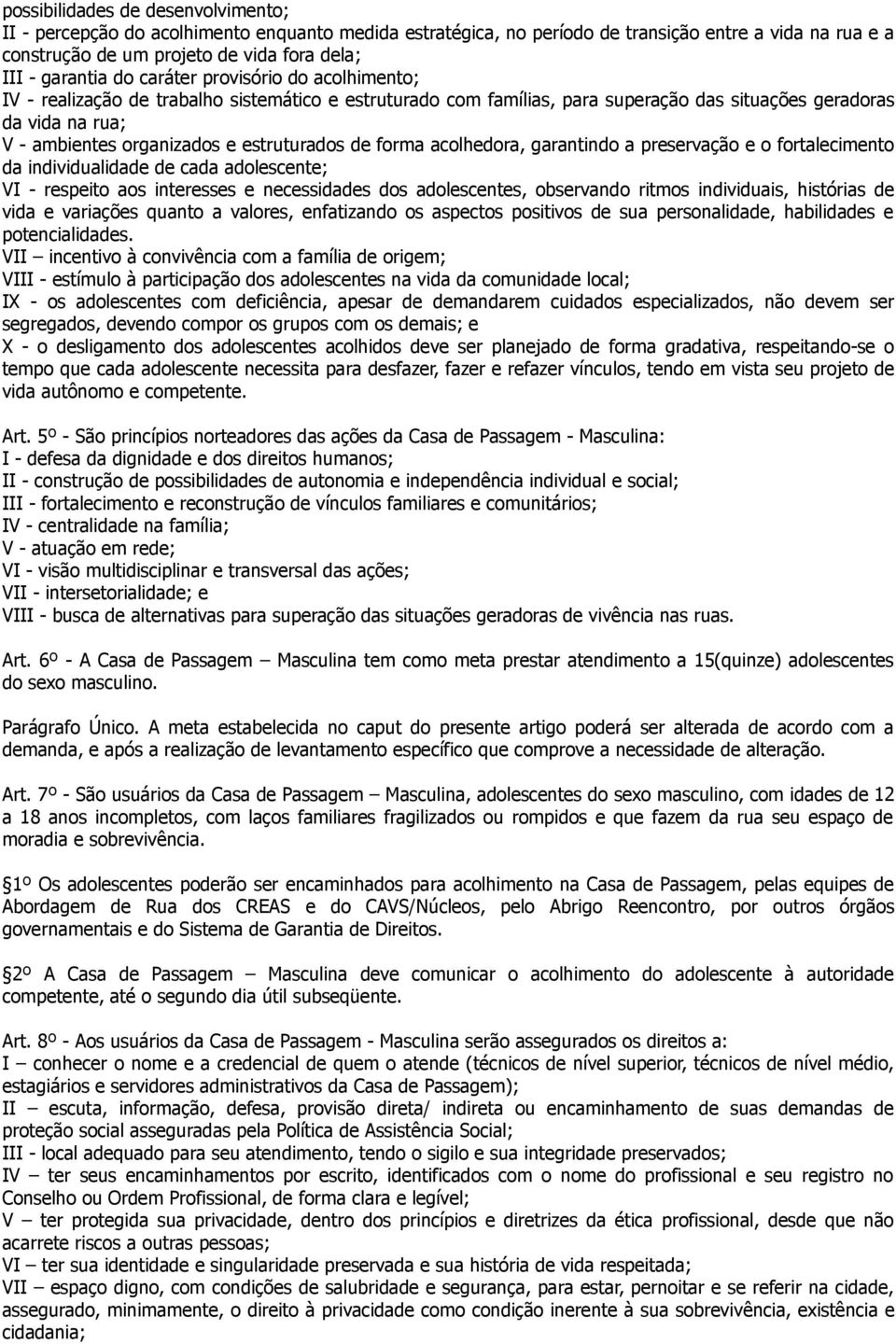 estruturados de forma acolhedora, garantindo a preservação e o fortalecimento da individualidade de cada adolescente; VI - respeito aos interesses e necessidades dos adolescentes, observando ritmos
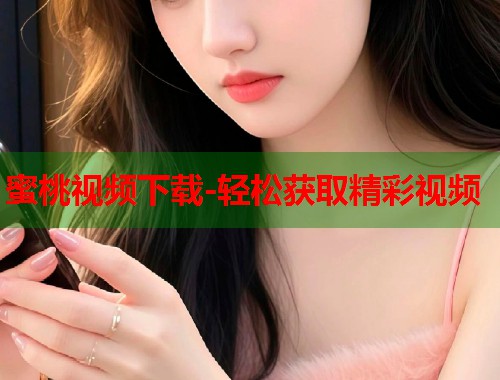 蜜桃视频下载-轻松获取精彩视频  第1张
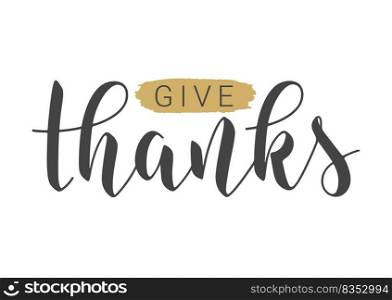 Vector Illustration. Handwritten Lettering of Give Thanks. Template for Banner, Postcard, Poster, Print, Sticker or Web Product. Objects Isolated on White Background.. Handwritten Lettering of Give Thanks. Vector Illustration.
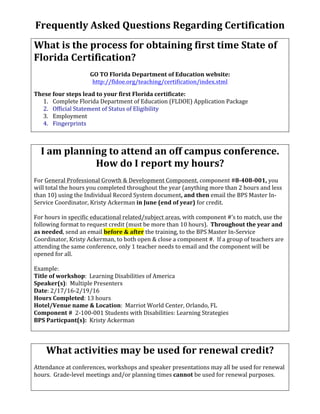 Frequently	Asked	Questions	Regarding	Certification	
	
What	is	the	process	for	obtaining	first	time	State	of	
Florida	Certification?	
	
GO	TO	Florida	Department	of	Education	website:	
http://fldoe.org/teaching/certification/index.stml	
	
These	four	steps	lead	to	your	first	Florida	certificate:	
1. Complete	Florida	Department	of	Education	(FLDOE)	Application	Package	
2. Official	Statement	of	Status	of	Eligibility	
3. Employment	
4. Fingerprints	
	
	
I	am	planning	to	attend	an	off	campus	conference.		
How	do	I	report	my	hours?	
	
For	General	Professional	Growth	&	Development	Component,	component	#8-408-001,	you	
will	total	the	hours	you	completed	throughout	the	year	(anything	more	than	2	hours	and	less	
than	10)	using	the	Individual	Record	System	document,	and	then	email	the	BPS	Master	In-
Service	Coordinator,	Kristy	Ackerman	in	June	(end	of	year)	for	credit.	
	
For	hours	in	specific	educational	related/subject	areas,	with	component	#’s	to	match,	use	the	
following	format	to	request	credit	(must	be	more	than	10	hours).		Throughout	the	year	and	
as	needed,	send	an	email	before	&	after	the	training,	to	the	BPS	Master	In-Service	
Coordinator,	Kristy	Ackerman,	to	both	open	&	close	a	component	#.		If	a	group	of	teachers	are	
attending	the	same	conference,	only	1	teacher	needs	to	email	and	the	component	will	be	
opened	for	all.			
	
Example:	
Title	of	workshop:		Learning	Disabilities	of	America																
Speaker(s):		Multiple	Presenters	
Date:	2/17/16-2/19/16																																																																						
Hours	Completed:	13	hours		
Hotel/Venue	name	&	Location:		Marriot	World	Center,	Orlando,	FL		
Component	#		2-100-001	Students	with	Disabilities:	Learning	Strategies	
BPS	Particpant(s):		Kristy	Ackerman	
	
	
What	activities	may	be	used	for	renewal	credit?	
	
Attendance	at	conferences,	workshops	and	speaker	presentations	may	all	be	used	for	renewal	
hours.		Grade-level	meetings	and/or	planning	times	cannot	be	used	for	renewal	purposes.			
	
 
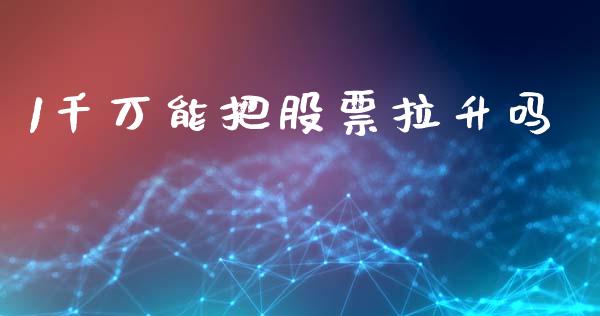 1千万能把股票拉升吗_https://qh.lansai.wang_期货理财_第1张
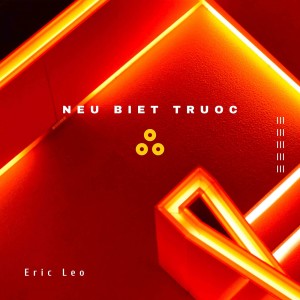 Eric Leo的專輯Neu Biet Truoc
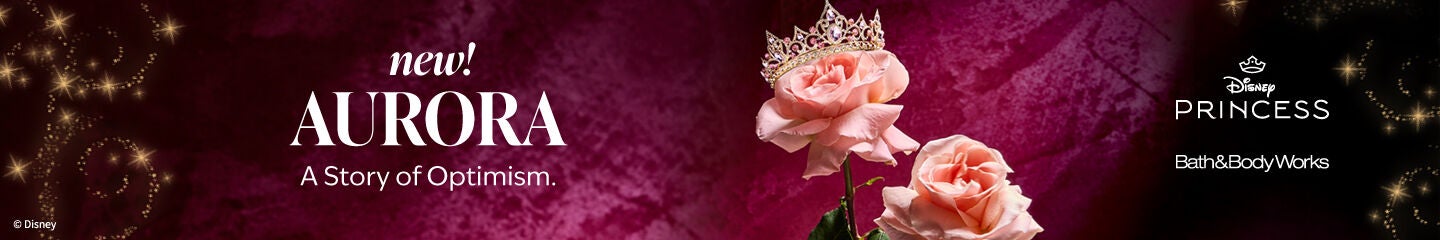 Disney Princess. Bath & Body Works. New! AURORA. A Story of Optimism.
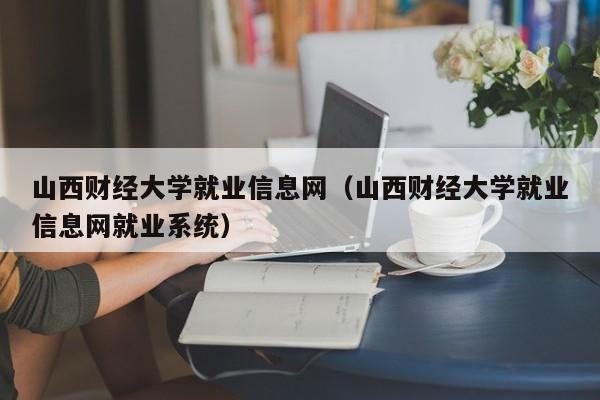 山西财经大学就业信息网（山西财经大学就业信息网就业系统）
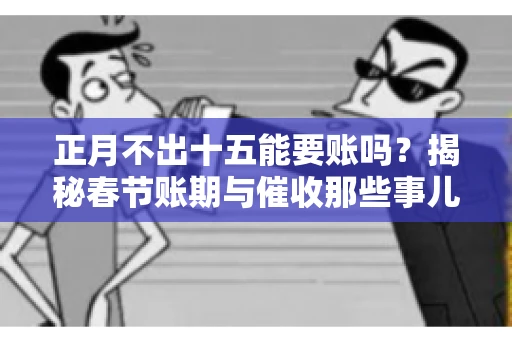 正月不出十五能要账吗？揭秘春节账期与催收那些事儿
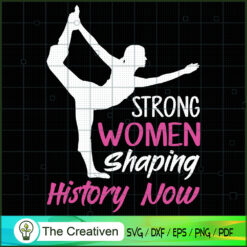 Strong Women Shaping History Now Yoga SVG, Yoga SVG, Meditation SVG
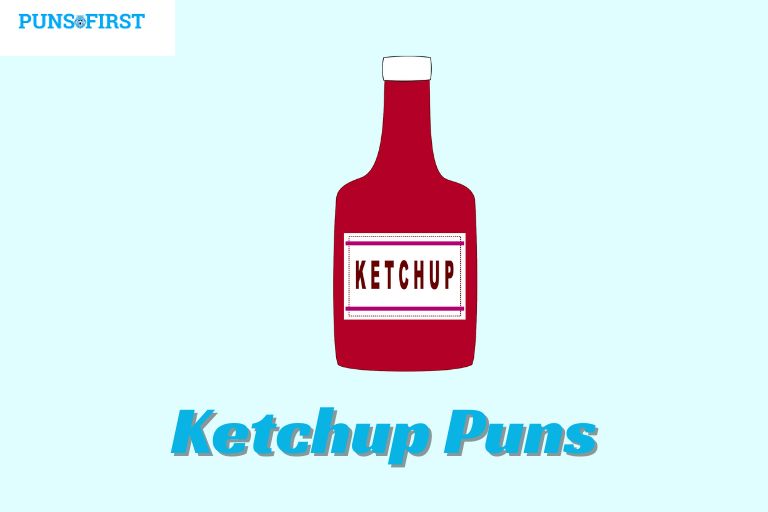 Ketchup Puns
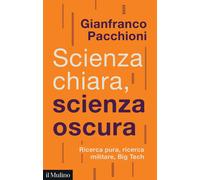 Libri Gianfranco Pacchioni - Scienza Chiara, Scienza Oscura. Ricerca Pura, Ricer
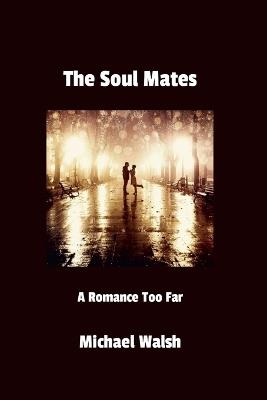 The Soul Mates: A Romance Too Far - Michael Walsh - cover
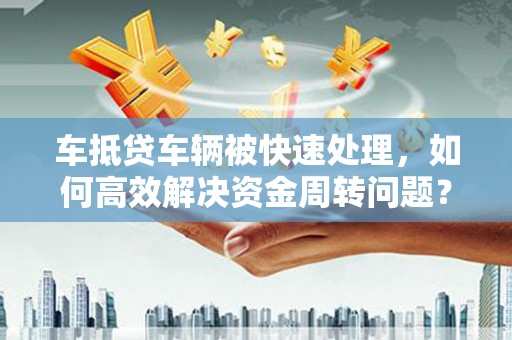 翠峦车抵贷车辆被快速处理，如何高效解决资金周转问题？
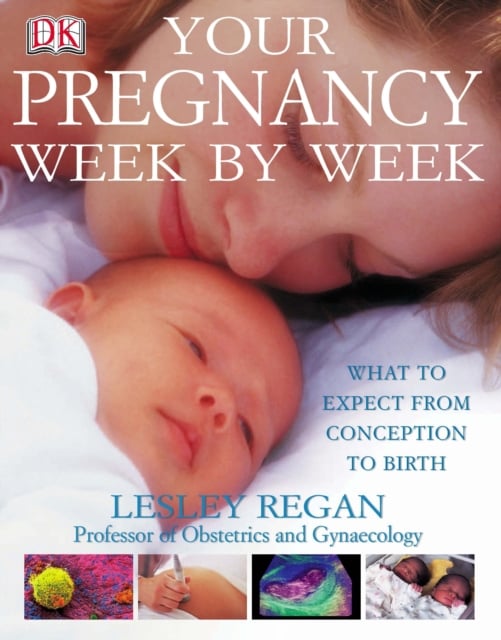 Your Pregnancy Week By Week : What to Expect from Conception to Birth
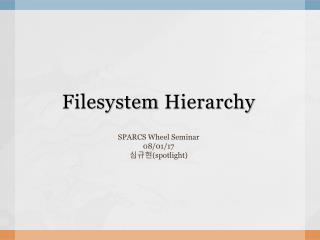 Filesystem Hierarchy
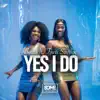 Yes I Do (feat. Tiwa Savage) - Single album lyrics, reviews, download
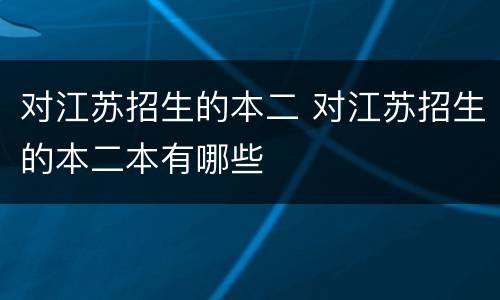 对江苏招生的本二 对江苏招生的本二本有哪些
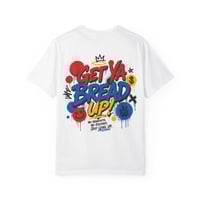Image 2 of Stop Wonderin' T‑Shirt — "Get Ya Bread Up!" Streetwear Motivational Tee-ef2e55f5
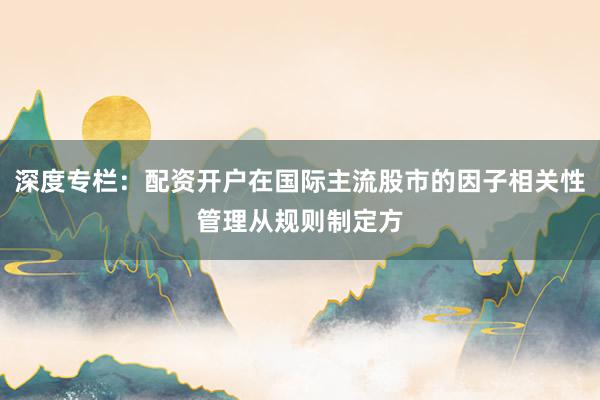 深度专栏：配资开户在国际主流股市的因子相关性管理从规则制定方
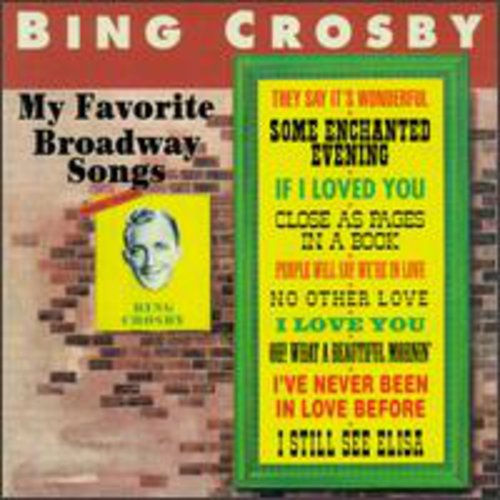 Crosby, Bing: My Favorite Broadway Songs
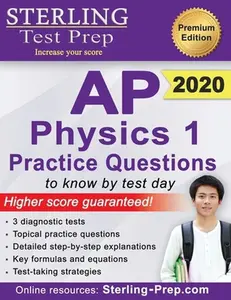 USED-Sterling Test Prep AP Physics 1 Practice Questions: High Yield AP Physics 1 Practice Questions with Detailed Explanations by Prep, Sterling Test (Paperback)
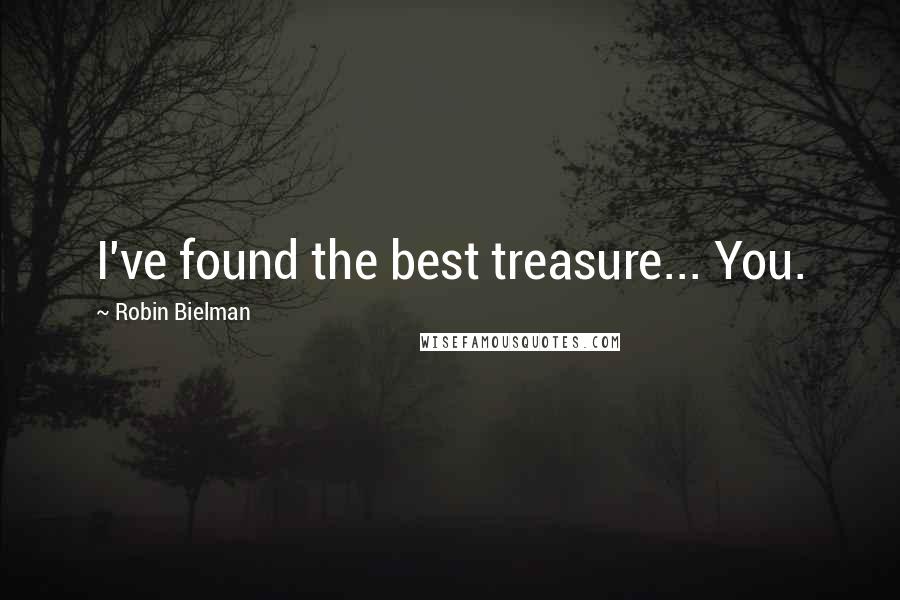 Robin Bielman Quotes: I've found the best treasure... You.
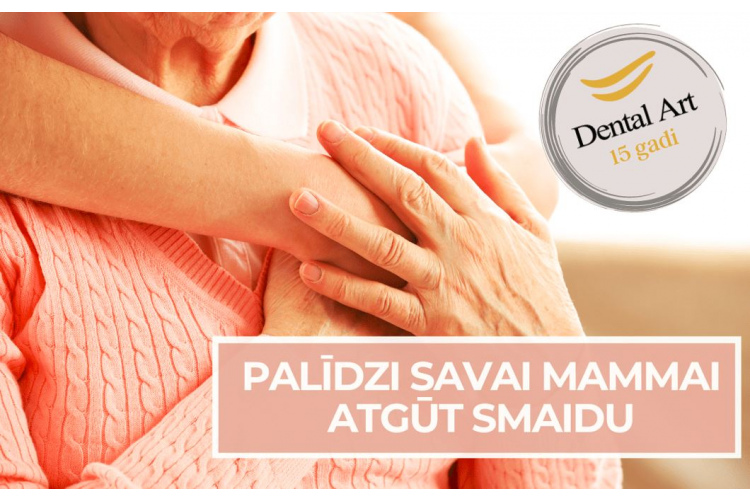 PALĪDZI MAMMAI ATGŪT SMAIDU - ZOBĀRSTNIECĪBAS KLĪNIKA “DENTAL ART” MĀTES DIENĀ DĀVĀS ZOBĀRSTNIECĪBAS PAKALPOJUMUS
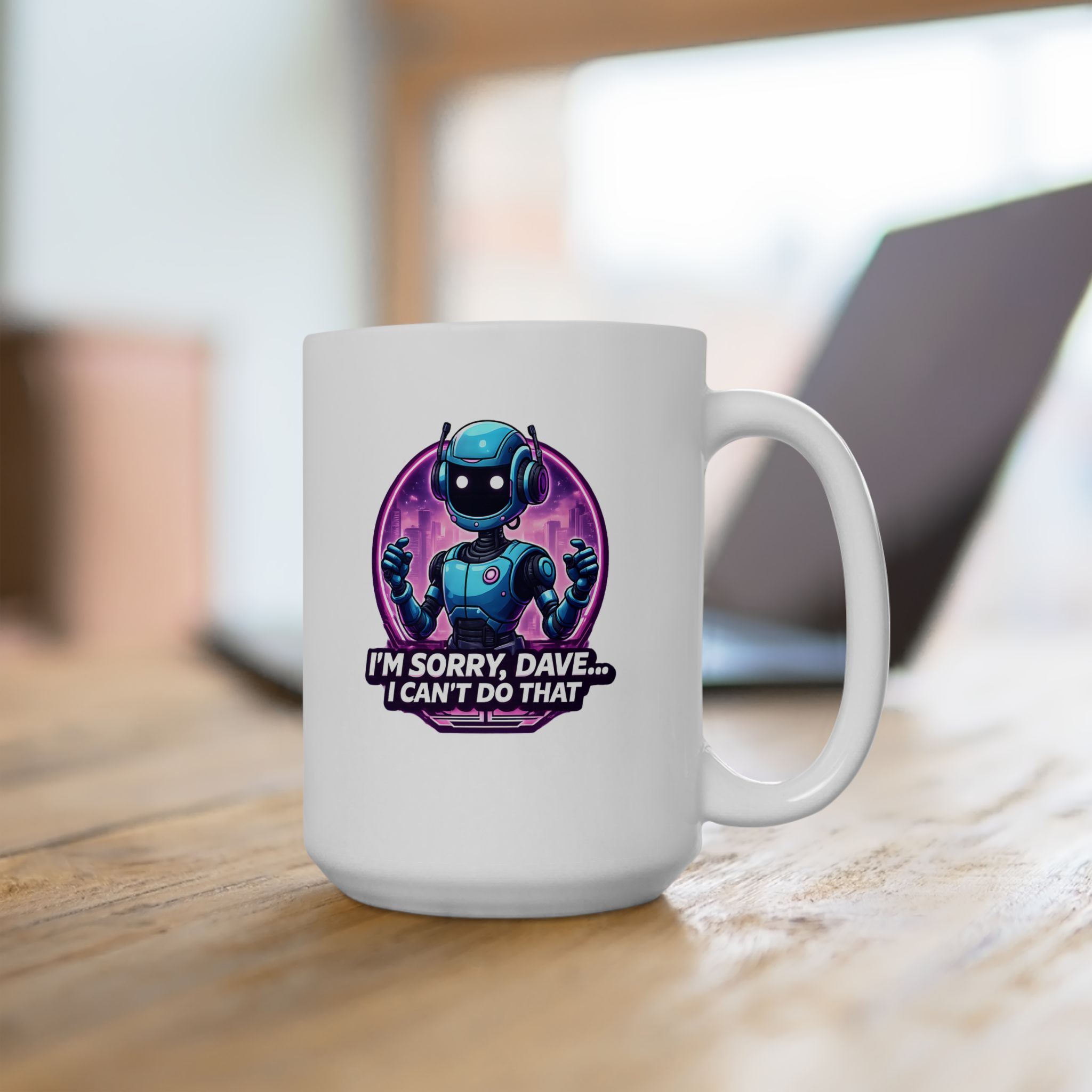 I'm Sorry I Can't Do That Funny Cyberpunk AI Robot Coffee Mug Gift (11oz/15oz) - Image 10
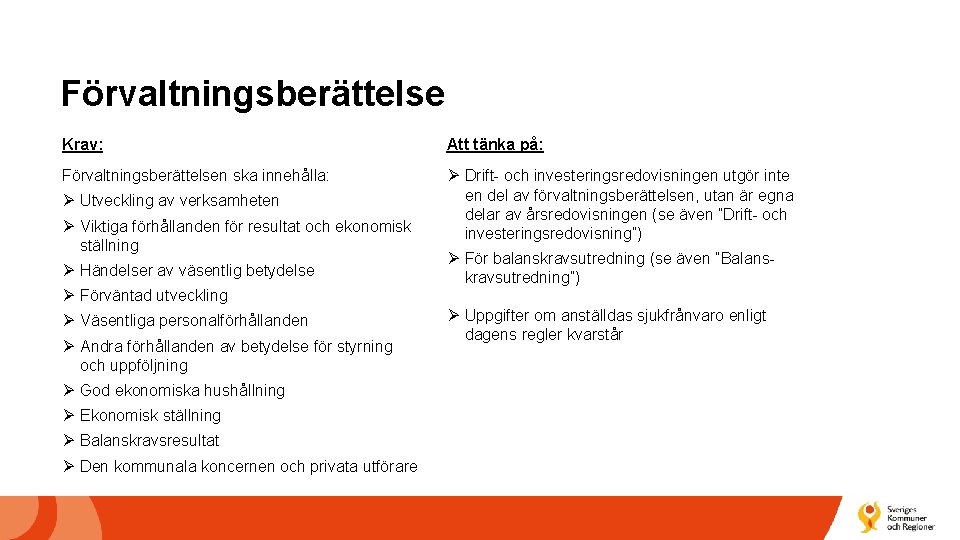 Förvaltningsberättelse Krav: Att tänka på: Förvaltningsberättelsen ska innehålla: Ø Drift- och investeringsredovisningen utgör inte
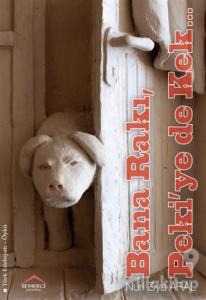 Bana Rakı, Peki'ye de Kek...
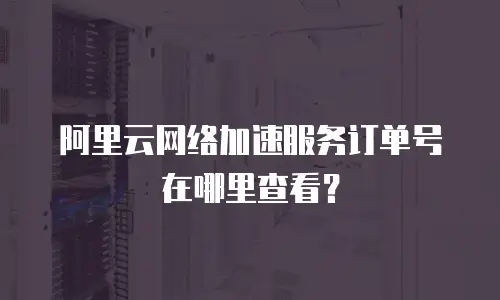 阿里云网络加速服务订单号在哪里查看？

——

- **Work required**
Look through the entries above and report each line where the string "Service" occurs.

- **Output for this exercise**
Service	Coordinator,	Kristy	Ackerman	in	June	(end	of	year)	for	credit.	
as	needed,	send	an	email	before	&	after	the	training,	to	the	BPS	Master	In-Service	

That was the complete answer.